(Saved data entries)
------

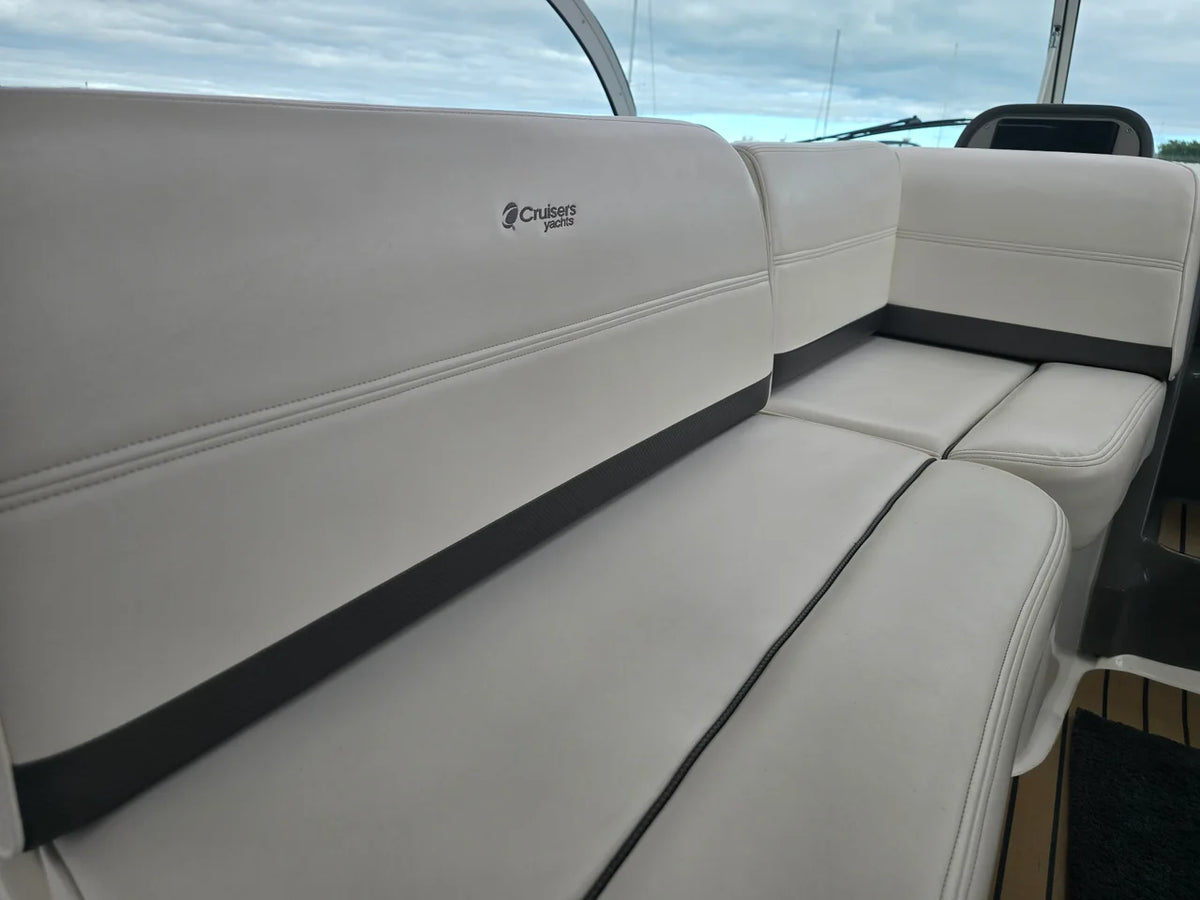 2005 Cruisers Yachts 420 EXPRESS 42.0 feet, Sturgeon Bay, WI #14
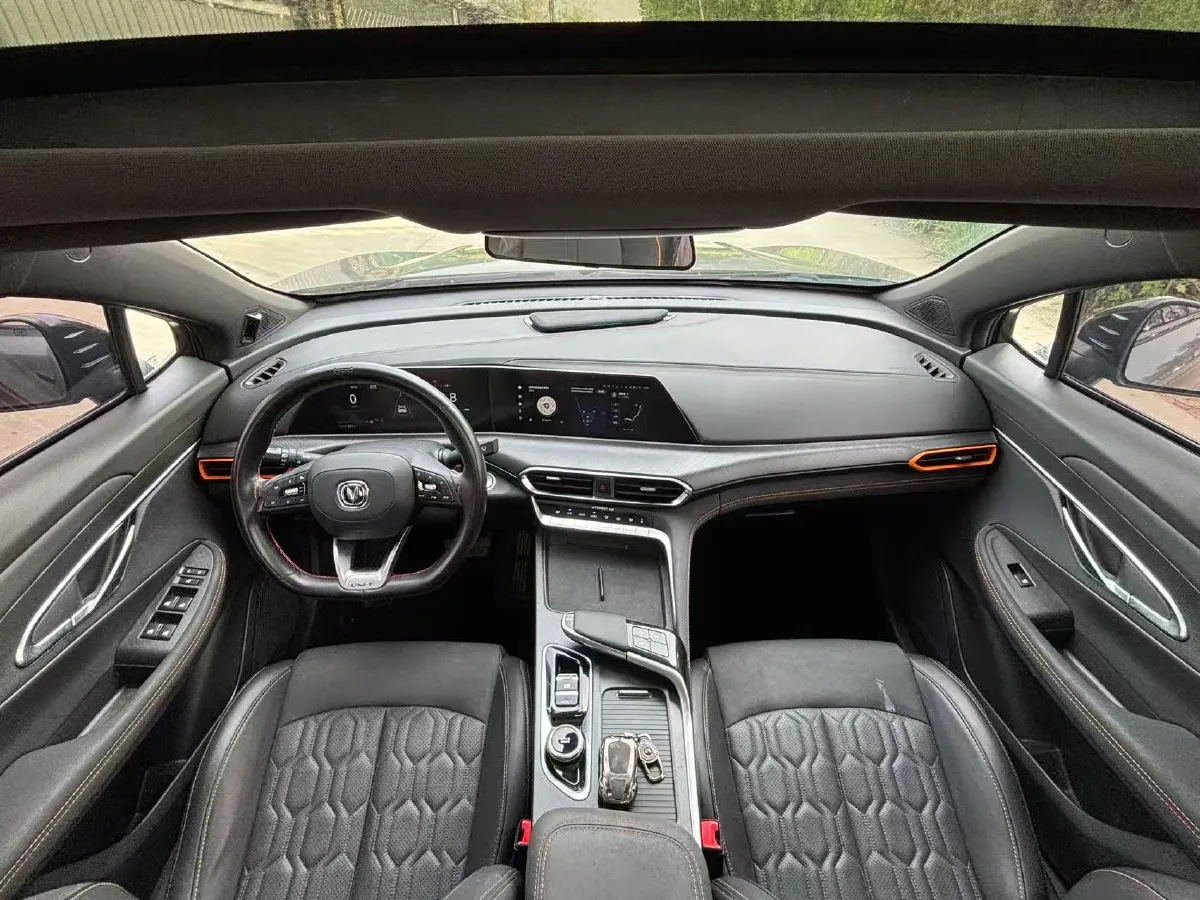 2022 ChangAn UNI-T 1.5T 188HP L4 7DCT,autocango,china used car exporter,china ev exporter,chinese used car exporter,chinese used ev exporter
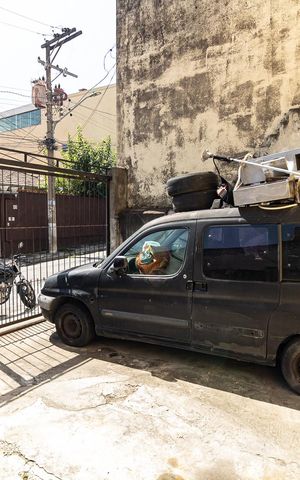 Casa à venda com 150m², 5 quartos e 2 vagas Casa à venda com 150m², 5 quartos e 2 vagasGaragem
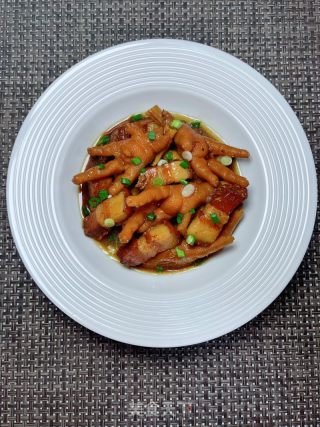 五花肉焖鸡爪的做法步骤：15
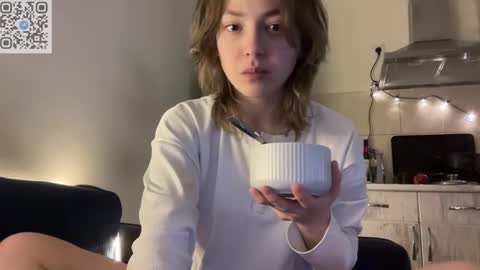 Snapshot of holydori chatting on February 20, 2025, 11:20 am dori not holy get my tg channel with link from description under last photo online show from February 20, 2025, 11:20 am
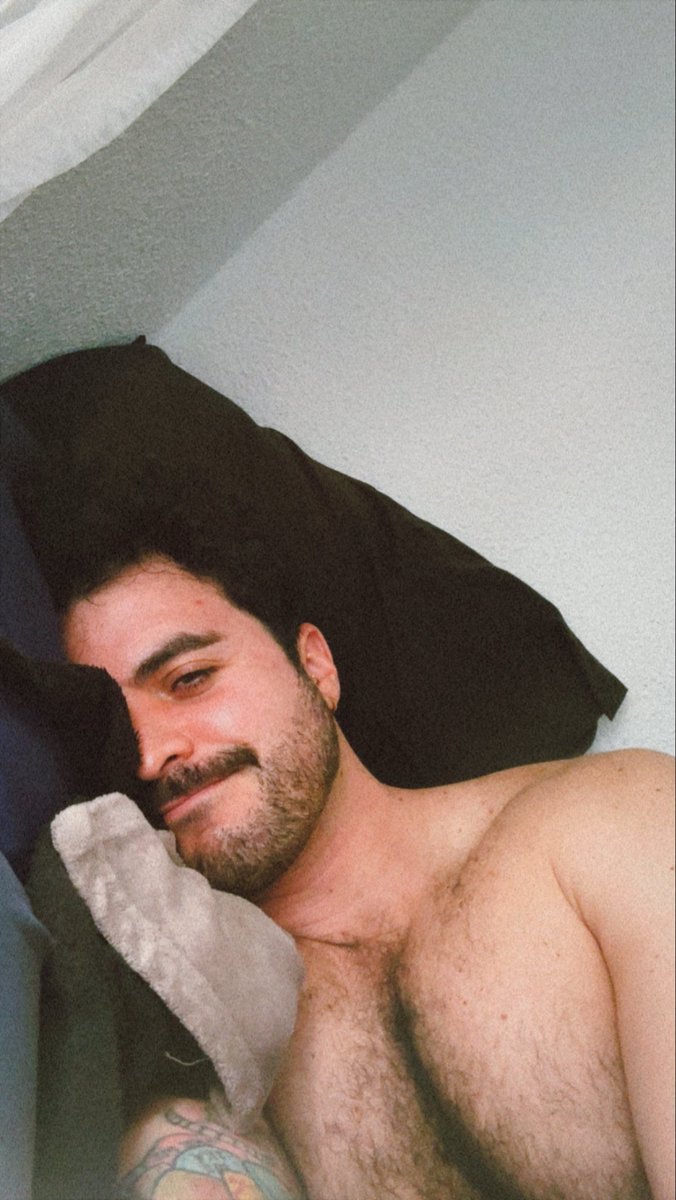HeyRocco's tweet photo. Lazy day 🌧️ https://t.co/Ck9F9bveSC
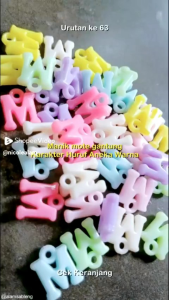 Manik Mote Huruf Gantung: Aksesoris Desain Interior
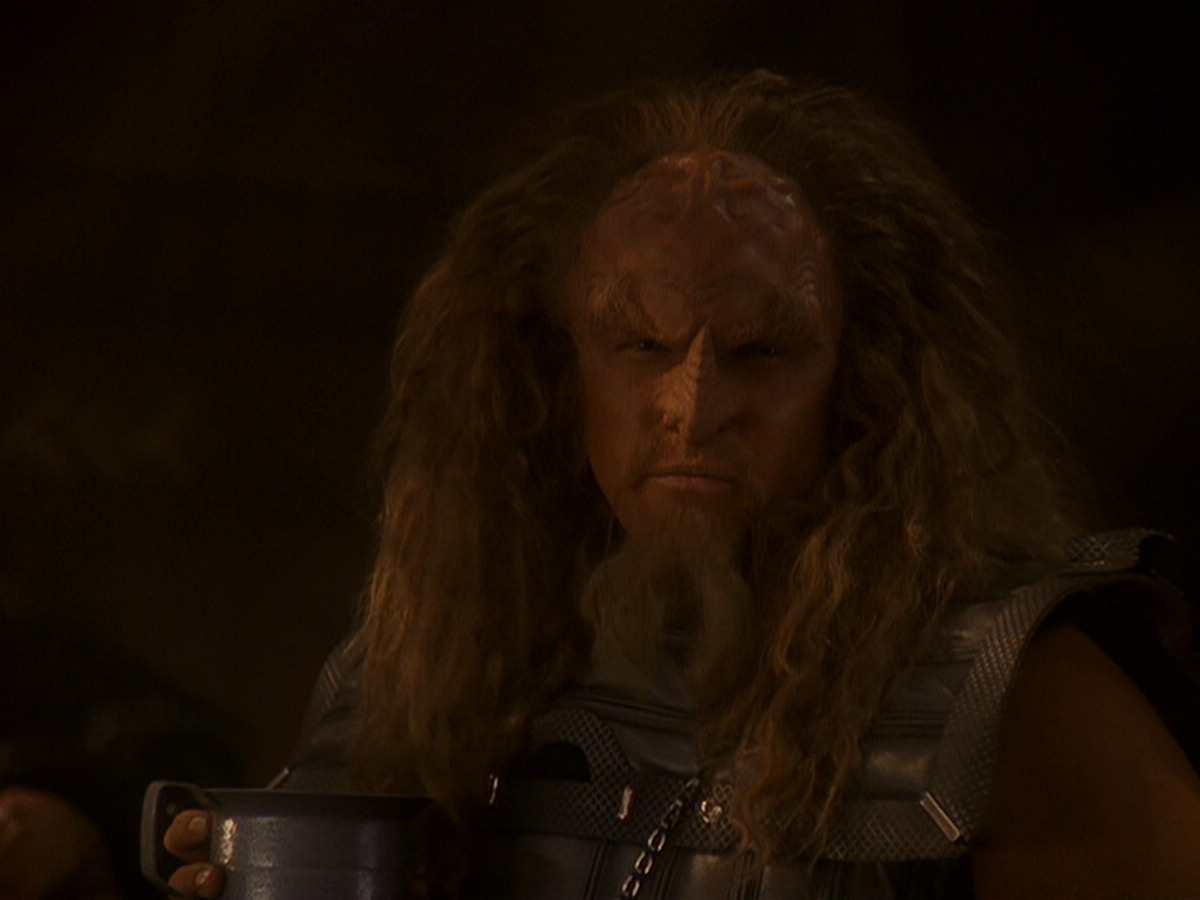 extant_StarTrek_DS9_5x21-SoldiersOfTheEmpire_01761.jpg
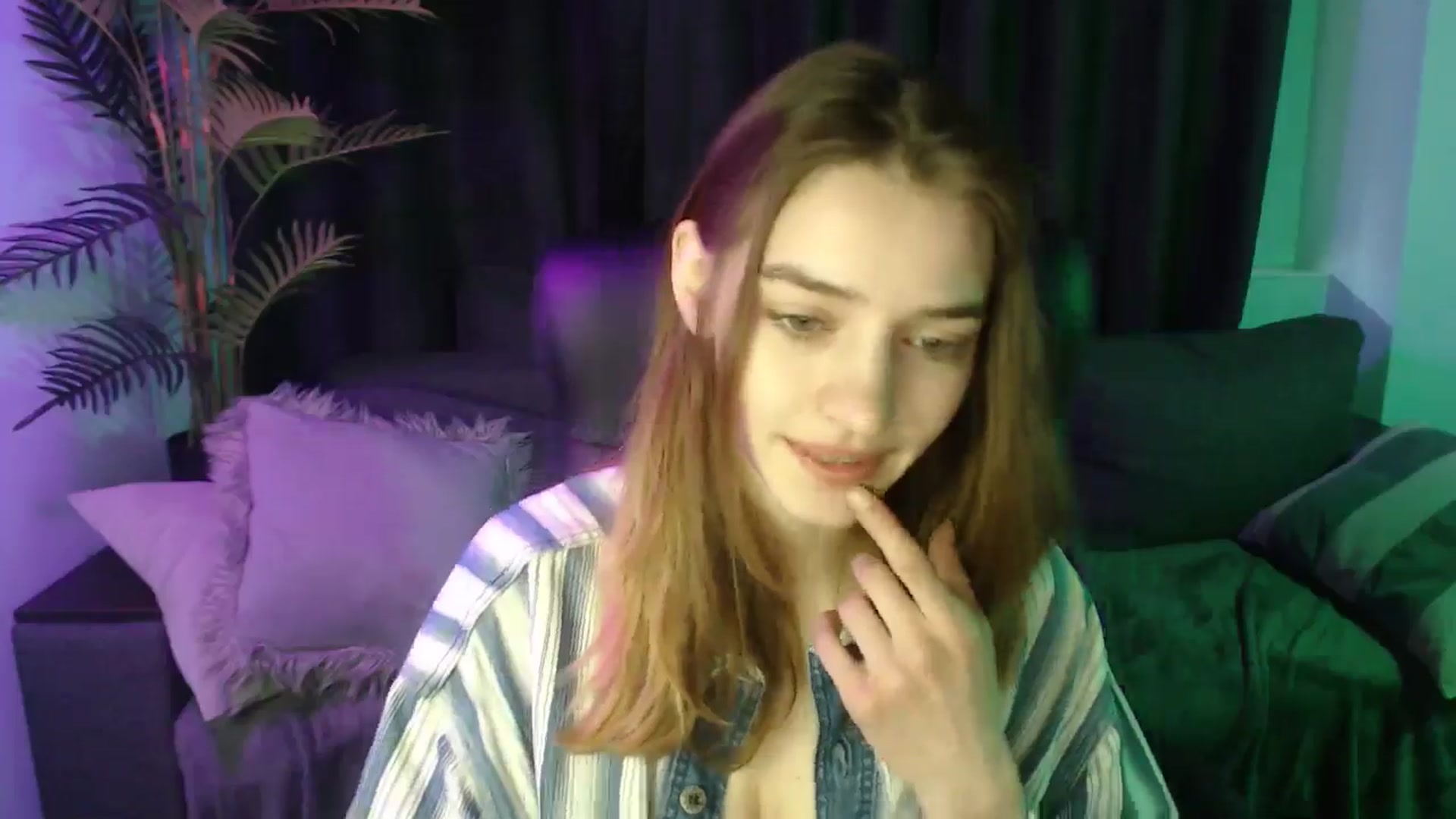 Gallery image thumbnail from LaraMinx's myfreecams stream on, 04/27/2026, 12:17 image 19 of 20
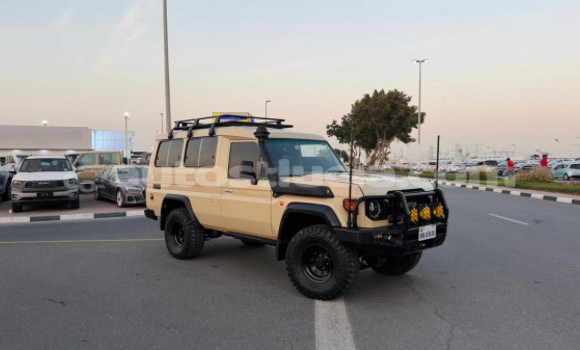 Acheter Occasion Voiture Toyota Land Cruiser Beige à Import - Dubai, Anse-la-Raye Acheter Occasion Voiture Toyota Land Cruiser Beige à Import - Dubai, Anse-la-Raye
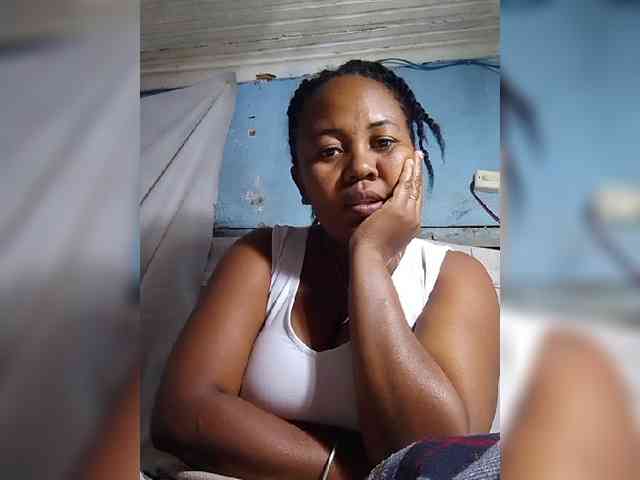 RaJeanne webcam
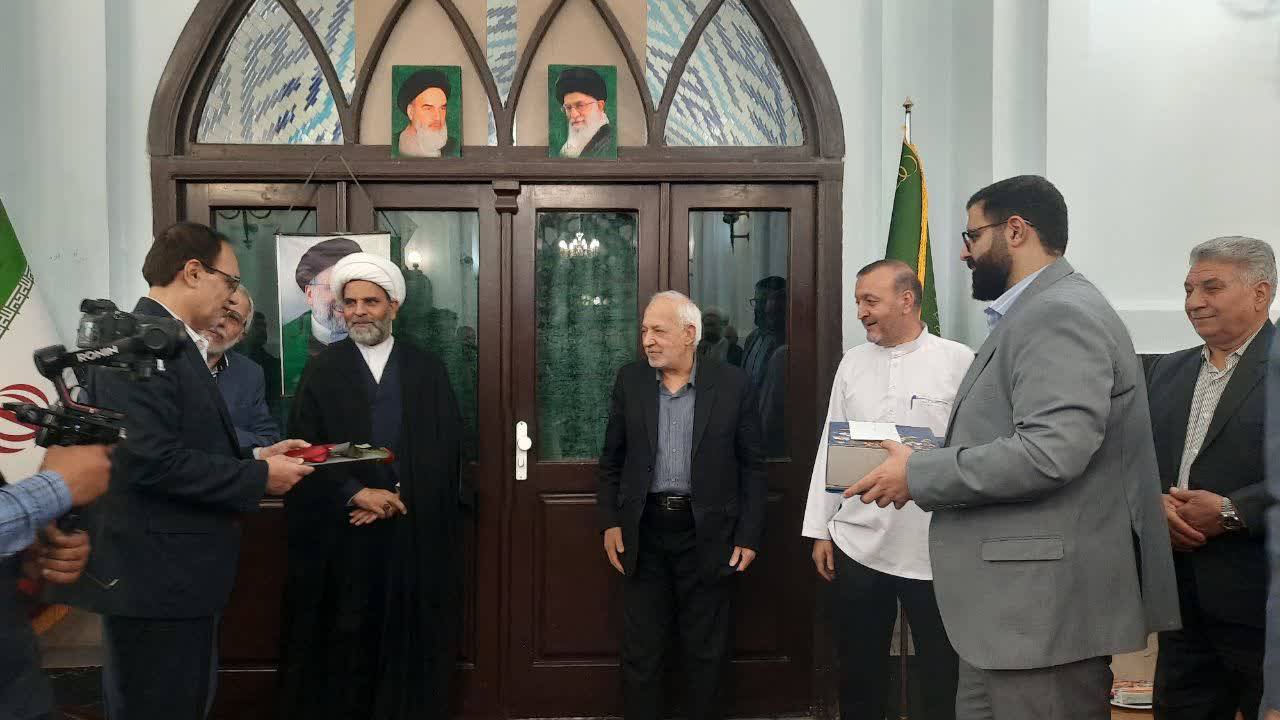 آیین تقدیر از استاد سید مرتضی فاطمی در حرم مطهر رضوی برگزار شد 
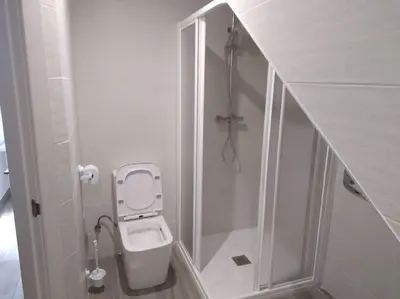 Un baño de apartamento nuevo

------

» EXERCISE BRIEF: Each line from the top of the records through the one containing "2022 ChangAn UNI-T" needs to be transcribed exactly, without pictures.

» SOLUTION TO THE EXERCISE:
 2005 Cruisers Yachts 420 EXPRESS 42.0 feet, Sturgeon Bay, WI #14
 2022 ChangAn UNI-T 1.5T 188HP L4 7DCT,autocango,china used car exporter,china ev exporter,chinese used car exporter,chinese used ev exporter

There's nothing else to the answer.